The Authority principally invested in a call account provided by Lancashire County Council which paid the base rate. Each working day the balance on the Authority's Current Account was invested in this to ensure that the interest received on surplus balances was maximised. During the period any new investments were placed with the County Council via this arrangement. At 30th September there was a balance of £37.970m with the average balance invested in LCC for the period was £32.202m.

 

In addition the Authority still had a long term investment that had been placed with UK local authority as outlined below. 

 

Start Date

End Date

Principal

Rate

Annual Interest

Interest 2018/19

30/6/14

28/6/19

£5,000,000

2.4%

£120,000

£120,000

 

Therefore the total investment held at 30 September was £42.970m.

 

The overall rate of interest earned during this period was 0.84% which compared favourably with the benchmark 7 day index which averaged 0.56% over the same period.
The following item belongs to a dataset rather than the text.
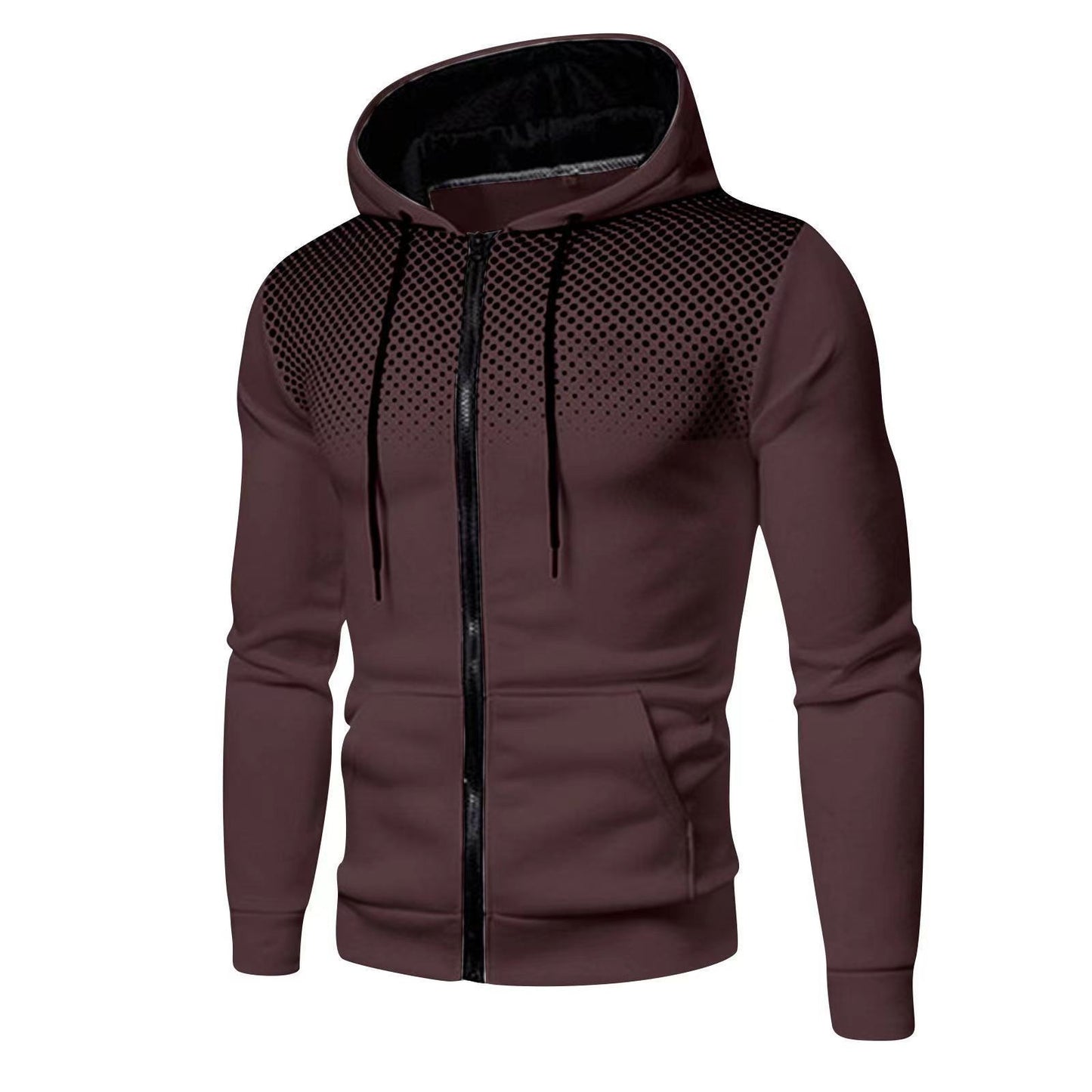 Sweater Men's Sports Fitness Zip-up Shirt - Mens Sports Zip Up Hoodie Slim Fit Fleece Hooded Track Gym Casual Top Sweatshirt uk - best gift for him - Free UK delivery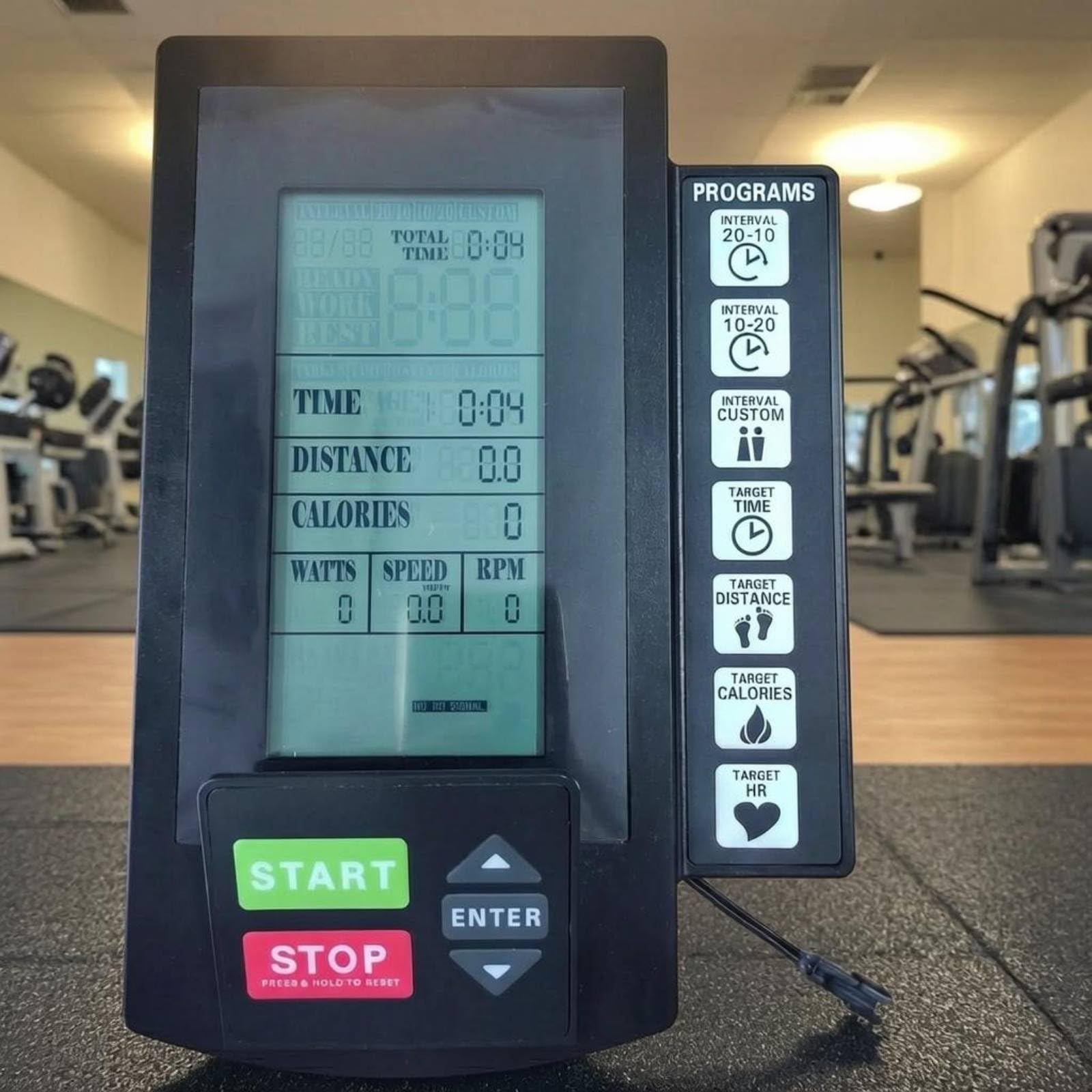 Bluetooth Exercise Bike Display Bici Stazionaria Contachilometri Schermo Digitale Tachimetro Plastica Pannello Allenamento Modalità Target Tempo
In order to increase the rate earned on current balances, the Authority would need to place fixed investments for a longer period of time.  Members considered a forecast cash flow for the year which showed that further sums could be placed on fixed term investments However, to obtain a better interest rate return than the call account would involve fixing investment for at least 3 months.  The possibility for longer term investments was kept under constant review and suitable opportunities would be taken.  Therefore, to increase yield while maintaining security the following fixed rate deals with other local authorities had been arranged:

 

Start Date

End Date

Principal

rate

Annual interest

Interest 18/19

18/10/18

19/10/20

£5,000,000

1.15%

£57,500

£25,993

19/11/18

18/11/19

£5,000,000

1.00%

£50,000

£18,356

19/12/18

19/06/19

£5,000,000

0.92%

£46,000

£12,981

 

All investments were made in accordance with the current Treasury Management Strategy and the CIPFA treasury management code of practice.

 

Prudential Indicators

In order to control and monitor the Authority’s treasury management functions a number of prudential indicators were determined against which performance may be measured.  At its meeting on 19 February 2018 the Authority approved the indicators for 2018/19 which were detailed in the report alongside the current actual.

 

Regulatory Updates

CIPFA had introduced updated versions of the Prudential and Treasury Management Codes. In addition the MHCLG had re-written its Investment Guidance, in which the definition of investments was further broadened to also include all such assets held partially for financial return. This would cover loans to employees. It was noted that the Authority would need to produce a Capital Strategy and an Investment Strategy.  

 

RESOLVED: -That the Committee noted and endorsed the report.